## Task brief
Every record shown below is to be output exactly.

## Supplied material
========================================================================

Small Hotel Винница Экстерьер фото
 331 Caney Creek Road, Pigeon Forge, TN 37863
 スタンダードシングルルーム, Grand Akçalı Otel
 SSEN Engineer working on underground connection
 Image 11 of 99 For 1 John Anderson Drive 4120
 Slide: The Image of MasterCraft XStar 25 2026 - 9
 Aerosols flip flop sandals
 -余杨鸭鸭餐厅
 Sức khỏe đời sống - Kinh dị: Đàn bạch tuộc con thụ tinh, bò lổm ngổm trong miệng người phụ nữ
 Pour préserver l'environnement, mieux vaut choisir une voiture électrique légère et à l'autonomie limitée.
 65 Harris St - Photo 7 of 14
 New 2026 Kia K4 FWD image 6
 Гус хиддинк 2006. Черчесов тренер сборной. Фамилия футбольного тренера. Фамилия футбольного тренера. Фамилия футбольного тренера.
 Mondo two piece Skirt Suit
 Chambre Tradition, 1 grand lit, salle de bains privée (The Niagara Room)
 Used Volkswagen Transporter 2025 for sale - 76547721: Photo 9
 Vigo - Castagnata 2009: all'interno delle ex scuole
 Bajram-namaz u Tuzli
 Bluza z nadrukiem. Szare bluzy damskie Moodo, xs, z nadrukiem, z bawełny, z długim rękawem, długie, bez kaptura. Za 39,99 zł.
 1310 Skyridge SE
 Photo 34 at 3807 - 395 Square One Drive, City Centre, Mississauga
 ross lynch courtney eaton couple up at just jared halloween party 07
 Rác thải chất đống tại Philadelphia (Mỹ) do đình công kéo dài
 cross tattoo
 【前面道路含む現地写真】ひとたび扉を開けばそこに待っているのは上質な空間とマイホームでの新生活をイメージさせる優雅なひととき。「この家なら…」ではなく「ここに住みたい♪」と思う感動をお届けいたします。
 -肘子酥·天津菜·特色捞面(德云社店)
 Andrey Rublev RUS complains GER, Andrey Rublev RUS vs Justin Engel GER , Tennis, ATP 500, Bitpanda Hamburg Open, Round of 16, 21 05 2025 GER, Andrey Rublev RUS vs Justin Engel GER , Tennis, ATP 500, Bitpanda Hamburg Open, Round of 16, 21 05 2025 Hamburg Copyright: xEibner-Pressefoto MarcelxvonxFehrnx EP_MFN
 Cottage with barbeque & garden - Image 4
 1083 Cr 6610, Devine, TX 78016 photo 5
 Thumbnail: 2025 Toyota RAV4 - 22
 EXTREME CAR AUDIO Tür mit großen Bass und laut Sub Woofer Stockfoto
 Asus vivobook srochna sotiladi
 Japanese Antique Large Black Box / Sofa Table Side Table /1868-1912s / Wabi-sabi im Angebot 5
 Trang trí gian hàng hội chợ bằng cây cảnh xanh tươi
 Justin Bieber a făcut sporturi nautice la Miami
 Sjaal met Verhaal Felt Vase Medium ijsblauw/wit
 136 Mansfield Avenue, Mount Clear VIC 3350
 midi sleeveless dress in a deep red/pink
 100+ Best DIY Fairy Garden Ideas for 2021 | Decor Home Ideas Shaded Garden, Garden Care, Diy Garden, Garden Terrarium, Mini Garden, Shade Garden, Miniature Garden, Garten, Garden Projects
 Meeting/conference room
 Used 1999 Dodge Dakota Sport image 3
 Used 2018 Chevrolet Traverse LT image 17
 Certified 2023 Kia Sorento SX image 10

========================================================================

## Answer section
Small Hotel Винница Экстерьер фото
 331 Caney Creek Road, Pigeon Forge, TN 37863
 スタンダードシングルルーム, Grand Akçalı Otel
 SSEN Engineer working on underground connection
 Image 11 of 99 For 1 John Anderson Drive 4120
 Slide: The Image of MasterCraft XStar 25 2026 - 9
 Aerosols flip flop sandals
 -余杨鸭鸭餐厅
 Sức khỏe đời sống - Kinh dị: Đàn bạch tuộc con thụ tinh, bò lổm ngổm trong miệng người phụ nữ
 Pour préserver l'environnement, mieux vaut choisir une voiture électrique légère et à l'autonomie limitée.
 65 Harris St - Photo 7 of 14
 New 2026 Kia K4 FWD image 6
 Гус хиддинк 2006. Черчесов тренер сборной. Фамилия футбольного тренера. Фамилия футбольного тренера. Фамилия футбольного тренера.
 Mondo two piece Skirt Suit
 Chambre Tradition, 1 grand lit, salle de bains privée (The Niagara Room)
 Used Volkswagen Transporter 2025 for sale - 76547721: Photo 9
 Vigo - Castagnata 2009: all'interno delle ex scuole
 Bajram-namaz u Tuzli
 Bluza z nadrukiem. Szare bluzy damskie Moodo, xs, z nadrukiem, z bawełny, z długim rękawem, długie, bez kaptura. Za 39,99 zł.
 1310 Skyridge SE
 Photo 34 at 3807 - 395 Square One Drive, City Centre, Mississauga
 ross lynch courtney eaton couple up at just jared halloween party 07
 Rác thải chất đống tại Philadelphia (Mỹ) do đình công kéo dài
 cross tattoo
 【前面道路含む現地写真】ひとたび扉を開けばそこに待っているのは上質な空間とマイホームでの新生活をイメージさせる優雅なひととき。「この家なら…」ではなく「ここに住みたい♪」と思う感動をお届けいたします。
 -肘子酥·天津菜·特色捞面(德云社店)
 Andrey Rublev RUS complains GER, Andrey Rublev RUS vs Justin Engel GER , Tennis, ATP 500, Bitpanda Hamburg Open, Round of 16, 21 05 2025 GER, Andrey Rublev RUS vs Justin Engel GER , Tennis, ATP 500, Bitpanda Hamburg Open, Round of 16, 21 05 2025 Hamburg Copyright: xEibner-Pressefoto MarcelxvonxFehrnx EP_MFN
 Cottage with barbeque & garden - Image 4
 1083 Cr 6610, Devine, TX 78016 photo 5
 Thumbnail: 2025 Toyota RAV4 - 22
 EXTREME CAR AUDIO Tür mit großen Bass und laut Sub Woofer Stockfoto
 Asus vivobook srochna sotiladi
 Japanese Antique Large Black Box / Sofa Table Side Table /1868-1912s / Wabi-sabi im Angebot 5
 Trang trí gian hàng hội chợ bằng cây cảnh xanh tươi
 Justin Bieber a făcut sporturi nautice la Miami
 Sjaal met Verhaal Felt Vase Medium ijsblauw/wit
 136 Mansfield Avenue, Mount Clear VIC 3350
 midi sleeveless dress in a deep red/pink
 100+ Best DIY Fairy Garden Ideas for 2021 | Decor Home Ideas Shaded Garden, Garden Care, Diy Garden, Garden Terrarium, Mini Garden, Shade Garden, Miniature Garden, Garten, Garden Projects
 Meeting/conference room
 Used 1999 Dodge Dakota Sport image 3
 Used 2018 Chevrolet Traverse LT image 17
 Certified 2023 Kia Sorento SX image 10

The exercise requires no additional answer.